> **Data excerpt**:

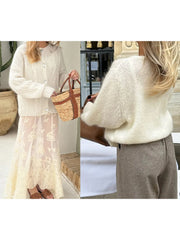 Cyflymder Women s Cable Knit Cardigan Sweater with Long Sleeves and Button Closure - Cozy Fall Jacket for Casual Streetwear Style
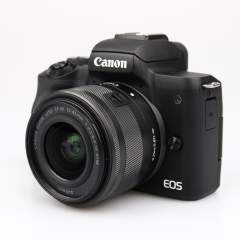 (Myyty) Canon EOS M50 Mark II + 15-45mm Kit - Musta (sc max 5000) (käytetty) (Takuu)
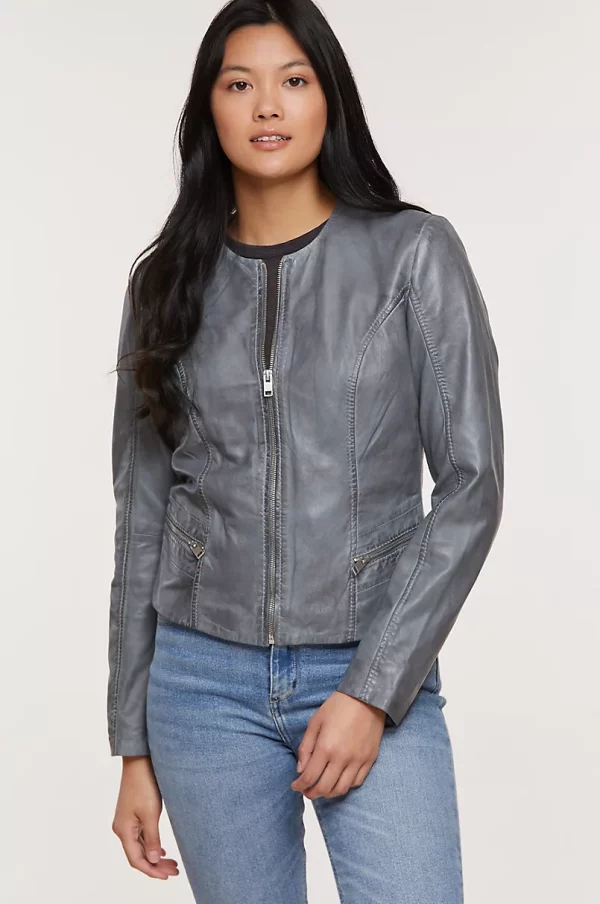 Alea Lambskin Leather Jacket United States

> **What you should do**: Using the data above, print every line exactly, omitting pictures.

> **Written answer**:
 Cyflymder Women s Cable Knit Cardigan Sweater with Long Sleeves and Button Closure - Cozy Fall Jacket for Casual Streetwear Style
 (Myyty) Canon EOS M50 Mark II + 15-45mm Kit - Musta (sc max 5000) (käytetty) (Takuu)
 Alea Lambskin Leather Jacket United States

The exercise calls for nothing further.